Question: When does being in first place with a 5-game lead heading into the last month of the season feel like second place?
Answer: When you’re the Boston Red Sox and you’ve just been swept in a 3-game series with the New York Yankees, that’s when.
I can’t figure out this team at all, and I can’t remember a season where they’ve been so successful (at least thus far), yet so frustrating to watch. Defensively, they’re OK - even a joy to watch at times, especially the glove-work of third baseman Mike Lowell (after a slow start) and second baseman Dustin Pedroia. First baseman Kevin Youkilis has also done a nice job in turning himself into a quality glove on the left side. Pitching-wise, they’re also OK as well both starting and bullpen wise, though I’m a little concerned about Daisuke Matsuzaka and Hideki Okajima, and feel they may be hitting the wall and feeling the effects of their first Major League Baseball season.
What’s so frustrating is their absolute inability to hit. And not only not hit, but to not try and generate runs by bunting and hit-and-running a little more. The problem is, the Sox are way too focused on taking pitches and working pitch counts up, and therefore have become (at least in my view) far too passive in their approach to hitting. As a result, they suck against good teams. Anybody can smash around crappy pitching staffs like the Chicago White Sox as they did last weekend, but to embarrass themselves offensively like they did against the Yankees this week shows an inherent weakness that will kill them, even if they make it into the post-season. The fact is, you can take pitches and work pitch counts all you want against sucky pitchers, but if you try to do that against good staffs, you’ll get mauled. As they did against the Yanks.
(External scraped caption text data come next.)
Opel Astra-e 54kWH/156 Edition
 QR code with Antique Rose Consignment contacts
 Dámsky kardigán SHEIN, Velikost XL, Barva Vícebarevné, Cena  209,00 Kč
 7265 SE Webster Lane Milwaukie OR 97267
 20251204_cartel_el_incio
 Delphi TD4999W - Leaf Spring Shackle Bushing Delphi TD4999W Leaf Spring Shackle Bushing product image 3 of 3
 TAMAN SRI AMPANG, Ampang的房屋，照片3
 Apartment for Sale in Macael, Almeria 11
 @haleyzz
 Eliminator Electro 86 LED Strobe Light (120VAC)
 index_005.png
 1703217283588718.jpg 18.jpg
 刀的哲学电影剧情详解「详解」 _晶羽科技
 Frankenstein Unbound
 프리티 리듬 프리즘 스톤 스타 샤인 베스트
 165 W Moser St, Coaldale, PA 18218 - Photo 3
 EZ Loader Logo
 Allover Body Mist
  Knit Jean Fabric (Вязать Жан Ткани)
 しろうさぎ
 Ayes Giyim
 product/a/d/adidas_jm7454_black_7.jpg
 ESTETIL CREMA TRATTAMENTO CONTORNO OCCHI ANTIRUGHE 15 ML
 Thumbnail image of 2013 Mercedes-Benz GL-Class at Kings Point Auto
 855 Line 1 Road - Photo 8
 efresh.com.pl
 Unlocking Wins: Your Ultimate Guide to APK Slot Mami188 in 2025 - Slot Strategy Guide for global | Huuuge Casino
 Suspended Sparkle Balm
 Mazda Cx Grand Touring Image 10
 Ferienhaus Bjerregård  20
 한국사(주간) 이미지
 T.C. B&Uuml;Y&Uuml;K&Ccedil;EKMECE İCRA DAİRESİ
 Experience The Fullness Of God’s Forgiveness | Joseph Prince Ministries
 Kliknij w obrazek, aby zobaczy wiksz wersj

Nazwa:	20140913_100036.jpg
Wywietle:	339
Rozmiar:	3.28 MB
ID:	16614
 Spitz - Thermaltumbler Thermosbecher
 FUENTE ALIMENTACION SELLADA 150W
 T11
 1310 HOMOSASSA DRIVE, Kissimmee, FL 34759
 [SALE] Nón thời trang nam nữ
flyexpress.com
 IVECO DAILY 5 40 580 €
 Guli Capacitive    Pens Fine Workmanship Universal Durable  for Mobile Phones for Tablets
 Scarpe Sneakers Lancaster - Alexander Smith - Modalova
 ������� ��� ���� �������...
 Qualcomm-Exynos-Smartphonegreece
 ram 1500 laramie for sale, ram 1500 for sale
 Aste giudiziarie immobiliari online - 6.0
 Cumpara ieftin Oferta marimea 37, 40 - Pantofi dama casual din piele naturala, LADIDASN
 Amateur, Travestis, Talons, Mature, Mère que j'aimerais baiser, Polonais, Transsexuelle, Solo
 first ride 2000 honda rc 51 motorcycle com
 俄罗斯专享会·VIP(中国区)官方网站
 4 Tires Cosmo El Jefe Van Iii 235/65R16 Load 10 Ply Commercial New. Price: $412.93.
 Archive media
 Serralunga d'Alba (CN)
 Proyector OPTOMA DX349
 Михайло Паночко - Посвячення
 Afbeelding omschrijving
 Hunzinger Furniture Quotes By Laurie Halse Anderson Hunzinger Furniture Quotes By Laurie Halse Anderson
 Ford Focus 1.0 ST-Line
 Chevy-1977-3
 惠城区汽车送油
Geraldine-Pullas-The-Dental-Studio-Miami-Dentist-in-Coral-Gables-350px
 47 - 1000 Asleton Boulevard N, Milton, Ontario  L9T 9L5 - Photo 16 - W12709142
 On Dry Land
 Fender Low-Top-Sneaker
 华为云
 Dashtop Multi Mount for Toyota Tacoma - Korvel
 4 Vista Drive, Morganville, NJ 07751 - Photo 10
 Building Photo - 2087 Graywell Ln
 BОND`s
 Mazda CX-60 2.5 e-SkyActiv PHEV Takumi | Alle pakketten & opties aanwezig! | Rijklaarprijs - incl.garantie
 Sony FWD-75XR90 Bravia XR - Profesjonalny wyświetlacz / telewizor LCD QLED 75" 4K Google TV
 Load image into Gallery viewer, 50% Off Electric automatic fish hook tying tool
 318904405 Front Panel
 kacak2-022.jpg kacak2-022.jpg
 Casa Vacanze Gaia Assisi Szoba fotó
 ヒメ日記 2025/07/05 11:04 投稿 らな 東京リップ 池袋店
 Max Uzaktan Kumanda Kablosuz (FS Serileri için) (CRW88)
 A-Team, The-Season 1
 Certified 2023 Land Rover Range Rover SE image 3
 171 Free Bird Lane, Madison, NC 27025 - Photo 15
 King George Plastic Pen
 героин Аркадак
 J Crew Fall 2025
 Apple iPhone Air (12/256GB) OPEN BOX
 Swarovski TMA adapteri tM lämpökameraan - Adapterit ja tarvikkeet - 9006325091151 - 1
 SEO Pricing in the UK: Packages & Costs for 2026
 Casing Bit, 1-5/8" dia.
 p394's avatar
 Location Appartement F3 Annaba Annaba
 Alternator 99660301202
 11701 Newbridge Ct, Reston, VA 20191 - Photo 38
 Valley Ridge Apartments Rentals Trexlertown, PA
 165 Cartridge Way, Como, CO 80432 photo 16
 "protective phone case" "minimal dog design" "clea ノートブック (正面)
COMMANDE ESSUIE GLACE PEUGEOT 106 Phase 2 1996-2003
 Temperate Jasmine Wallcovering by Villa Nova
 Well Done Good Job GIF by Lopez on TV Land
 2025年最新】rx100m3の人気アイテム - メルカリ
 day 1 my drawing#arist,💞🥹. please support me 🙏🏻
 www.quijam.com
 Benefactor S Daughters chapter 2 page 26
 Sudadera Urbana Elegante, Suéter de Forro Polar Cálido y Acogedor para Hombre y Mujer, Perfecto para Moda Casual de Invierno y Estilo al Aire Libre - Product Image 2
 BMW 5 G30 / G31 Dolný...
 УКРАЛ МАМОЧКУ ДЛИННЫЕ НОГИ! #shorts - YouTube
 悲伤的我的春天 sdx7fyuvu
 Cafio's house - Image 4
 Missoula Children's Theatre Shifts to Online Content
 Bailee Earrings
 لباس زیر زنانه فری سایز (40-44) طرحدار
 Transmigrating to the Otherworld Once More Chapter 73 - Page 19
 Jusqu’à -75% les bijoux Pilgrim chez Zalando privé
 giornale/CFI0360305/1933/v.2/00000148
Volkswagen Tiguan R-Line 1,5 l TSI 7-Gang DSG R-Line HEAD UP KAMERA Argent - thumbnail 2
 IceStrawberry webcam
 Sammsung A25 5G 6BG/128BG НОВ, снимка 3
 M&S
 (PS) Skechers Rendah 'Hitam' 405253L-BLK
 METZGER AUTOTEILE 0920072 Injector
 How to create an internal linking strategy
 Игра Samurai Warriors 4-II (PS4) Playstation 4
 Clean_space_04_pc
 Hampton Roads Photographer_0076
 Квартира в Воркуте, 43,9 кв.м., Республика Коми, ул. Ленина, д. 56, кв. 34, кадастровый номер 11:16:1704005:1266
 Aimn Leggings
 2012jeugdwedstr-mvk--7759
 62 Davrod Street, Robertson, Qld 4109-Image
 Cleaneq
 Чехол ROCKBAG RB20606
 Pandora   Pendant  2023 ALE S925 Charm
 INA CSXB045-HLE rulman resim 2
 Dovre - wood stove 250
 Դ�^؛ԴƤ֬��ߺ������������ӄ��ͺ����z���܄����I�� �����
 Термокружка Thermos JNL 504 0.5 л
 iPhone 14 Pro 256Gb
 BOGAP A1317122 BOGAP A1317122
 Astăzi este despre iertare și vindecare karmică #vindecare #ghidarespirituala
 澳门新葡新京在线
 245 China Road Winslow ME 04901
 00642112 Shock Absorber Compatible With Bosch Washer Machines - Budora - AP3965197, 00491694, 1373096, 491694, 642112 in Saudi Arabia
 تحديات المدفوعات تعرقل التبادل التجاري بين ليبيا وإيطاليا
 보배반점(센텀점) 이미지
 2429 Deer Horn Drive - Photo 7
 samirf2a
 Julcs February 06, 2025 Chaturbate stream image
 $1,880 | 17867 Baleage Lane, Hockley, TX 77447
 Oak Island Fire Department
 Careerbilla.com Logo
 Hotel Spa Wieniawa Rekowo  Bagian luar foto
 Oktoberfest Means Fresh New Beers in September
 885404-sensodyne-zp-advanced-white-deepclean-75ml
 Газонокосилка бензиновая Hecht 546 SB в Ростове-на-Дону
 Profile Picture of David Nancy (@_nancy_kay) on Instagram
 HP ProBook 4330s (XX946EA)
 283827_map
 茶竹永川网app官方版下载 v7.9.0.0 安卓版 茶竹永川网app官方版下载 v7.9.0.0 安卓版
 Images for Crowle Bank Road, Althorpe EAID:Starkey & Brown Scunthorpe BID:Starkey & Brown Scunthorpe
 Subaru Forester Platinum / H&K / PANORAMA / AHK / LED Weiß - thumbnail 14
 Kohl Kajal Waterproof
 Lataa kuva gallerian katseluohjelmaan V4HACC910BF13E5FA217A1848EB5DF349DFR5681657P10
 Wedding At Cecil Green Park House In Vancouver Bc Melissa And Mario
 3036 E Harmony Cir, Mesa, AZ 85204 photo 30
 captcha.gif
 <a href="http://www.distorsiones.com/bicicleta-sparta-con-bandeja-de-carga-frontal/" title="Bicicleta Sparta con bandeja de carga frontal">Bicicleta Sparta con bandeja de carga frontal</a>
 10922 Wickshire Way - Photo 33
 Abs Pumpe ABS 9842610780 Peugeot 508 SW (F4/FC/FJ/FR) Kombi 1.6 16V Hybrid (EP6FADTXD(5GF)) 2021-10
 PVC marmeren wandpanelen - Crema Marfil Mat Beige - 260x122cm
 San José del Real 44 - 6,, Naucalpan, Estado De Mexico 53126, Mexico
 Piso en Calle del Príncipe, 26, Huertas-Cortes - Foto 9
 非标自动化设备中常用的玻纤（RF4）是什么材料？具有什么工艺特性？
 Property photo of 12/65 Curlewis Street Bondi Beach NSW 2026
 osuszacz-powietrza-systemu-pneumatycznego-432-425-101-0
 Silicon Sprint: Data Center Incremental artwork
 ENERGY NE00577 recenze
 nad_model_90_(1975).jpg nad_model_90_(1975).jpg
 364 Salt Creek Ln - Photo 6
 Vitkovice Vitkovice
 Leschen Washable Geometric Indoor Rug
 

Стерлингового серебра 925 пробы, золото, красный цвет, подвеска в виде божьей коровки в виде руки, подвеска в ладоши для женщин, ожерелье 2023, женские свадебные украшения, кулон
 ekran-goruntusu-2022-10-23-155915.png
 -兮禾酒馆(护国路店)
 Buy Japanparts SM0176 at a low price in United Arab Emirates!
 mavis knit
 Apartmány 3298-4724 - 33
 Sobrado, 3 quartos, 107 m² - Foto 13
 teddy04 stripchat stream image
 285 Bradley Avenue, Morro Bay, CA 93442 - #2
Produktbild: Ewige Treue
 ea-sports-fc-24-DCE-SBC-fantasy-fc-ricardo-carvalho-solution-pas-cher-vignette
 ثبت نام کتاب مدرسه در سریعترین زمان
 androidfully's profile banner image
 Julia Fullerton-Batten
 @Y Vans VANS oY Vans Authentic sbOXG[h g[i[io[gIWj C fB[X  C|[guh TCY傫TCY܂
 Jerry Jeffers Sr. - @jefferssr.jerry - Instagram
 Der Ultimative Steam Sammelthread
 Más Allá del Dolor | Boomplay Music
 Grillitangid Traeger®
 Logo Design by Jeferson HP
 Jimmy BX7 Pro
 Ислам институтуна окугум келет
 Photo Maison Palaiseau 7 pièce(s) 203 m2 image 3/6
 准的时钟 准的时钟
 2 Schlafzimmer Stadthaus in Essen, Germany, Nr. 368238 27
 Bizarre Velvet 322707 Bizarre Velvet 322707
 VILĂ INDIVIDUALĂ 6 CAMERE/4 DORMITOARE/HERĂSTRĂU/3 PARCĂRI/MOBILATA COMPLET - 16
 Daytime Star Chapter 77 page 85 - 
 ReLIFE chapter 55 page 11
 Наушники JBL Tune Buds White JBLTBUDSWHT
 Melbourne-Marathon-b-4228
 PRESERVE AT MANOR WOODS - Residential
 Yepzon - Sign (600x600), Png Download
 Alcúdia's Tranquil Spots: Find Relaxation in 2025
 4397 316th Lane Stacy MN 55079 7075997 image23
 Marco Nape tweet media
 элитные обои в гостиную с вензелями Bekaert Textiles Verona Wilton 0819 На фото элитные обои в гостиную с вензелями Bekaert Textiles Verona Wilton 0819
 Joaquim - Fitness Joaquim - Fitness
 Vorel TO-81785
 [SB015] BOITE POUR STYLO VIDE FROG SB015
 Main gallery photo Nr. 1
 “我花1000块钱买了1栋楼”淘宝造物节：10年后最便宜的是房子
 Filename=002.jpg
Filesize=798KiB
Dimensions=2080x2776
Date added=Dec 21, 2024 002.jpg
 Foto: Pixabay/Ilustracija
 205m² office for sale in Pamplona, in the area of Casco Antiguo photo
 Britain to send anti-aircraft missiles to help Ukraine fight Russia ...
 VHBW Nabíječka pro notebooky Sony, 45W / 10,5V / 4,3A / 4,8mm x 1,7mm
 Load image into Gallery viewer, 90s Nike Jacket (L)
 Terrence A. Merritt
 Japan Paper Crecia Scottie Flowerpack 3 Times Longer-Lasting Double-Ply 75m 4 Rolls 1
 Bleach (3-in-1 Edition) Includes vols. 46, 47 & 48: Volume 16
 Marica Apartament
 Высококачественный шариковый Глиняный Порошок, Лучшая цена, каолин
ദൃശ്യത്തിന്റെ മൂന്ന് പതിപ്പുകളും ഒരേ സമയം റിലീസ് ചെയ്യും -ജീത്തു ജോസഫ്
And don’t even get me started about the $14.4 Million Dollar Man, J.D. Drew. He swings like a girl, takes way too many pitches, and refuses to take the bat off his shoulder even when he has a two-strike count against him. Thanks a lot, Theo. Trot Nixon would look damned good in a Sox uniform at $8 mil per year right now.
Which brings me to my final point - this team has NO FIRE whatsoever. Outside of Varitek and Pedroia, all you have is bunch of “professional hitters” that go about their business, not getting too up, not getting too down. Take today, for example. Yanks’ reliever Joba Chamberlain throws two balls at Youkilis’ head, and I’m thinking, WHERE ARE THE FIREWORKS? Of course, with this team there were none. That wouldn’t have happened in the days of the so-called “idiots” and Johnny Damon and Kevin “Cowboy Up” Millar, I’ll tell you that. Those guys knew what it would take to get a team fired-up when it hit the dog days of late August-early September. Even were this team to continue to struggle as it is doing and drop out of first place, I guarantee you’d see no difference in the demeanor of manager Terry Francona or his players.
And to me, that’s almost as bad as watching them suck wind as bad as they did against the Bronx Bombers.